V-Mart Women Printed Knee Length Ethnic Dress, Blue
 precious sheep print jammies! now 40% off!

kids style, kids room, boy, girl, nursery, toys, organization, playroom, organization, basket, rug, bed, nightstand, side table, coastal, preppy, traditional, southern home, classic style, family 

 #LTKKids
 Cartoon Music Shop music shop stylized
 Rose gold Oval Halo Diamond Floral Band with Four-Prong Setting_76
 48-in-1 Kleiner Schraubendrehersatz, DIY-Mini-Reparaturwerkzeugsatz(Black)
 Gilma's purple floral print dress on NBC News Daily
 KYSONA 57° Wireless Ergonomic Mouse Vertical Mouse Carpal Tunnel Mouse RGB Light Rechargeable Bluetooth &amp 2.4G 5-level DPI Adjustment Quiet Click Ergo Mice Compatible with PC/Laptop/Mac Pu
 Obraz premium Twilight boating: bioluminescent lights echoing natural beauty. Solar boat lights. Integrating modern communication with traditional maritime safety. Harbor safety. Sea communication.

**EXERCISE BRIEF:**
Transcribe the entries above word for word, from the first line through the line containing "Rose gold Oval", and nothing else.

**ANSWER:**
V-Mart Women Printed Knee Length Ethnic Dress, Blue
 precious sheep print jammies! now 40% off!

kids style, kids room, boy, girl, nursery, toys, organization, playroom, organization, basket, rug, bed, nightstand, side table, coastal, preppy, traditional, southern home, classic style, family 

 #LTKKids
 Cartoon Music Shop music shop stylized
 Rose gold Oval Halo Diamond Floral Band with Four-Prong Setting_76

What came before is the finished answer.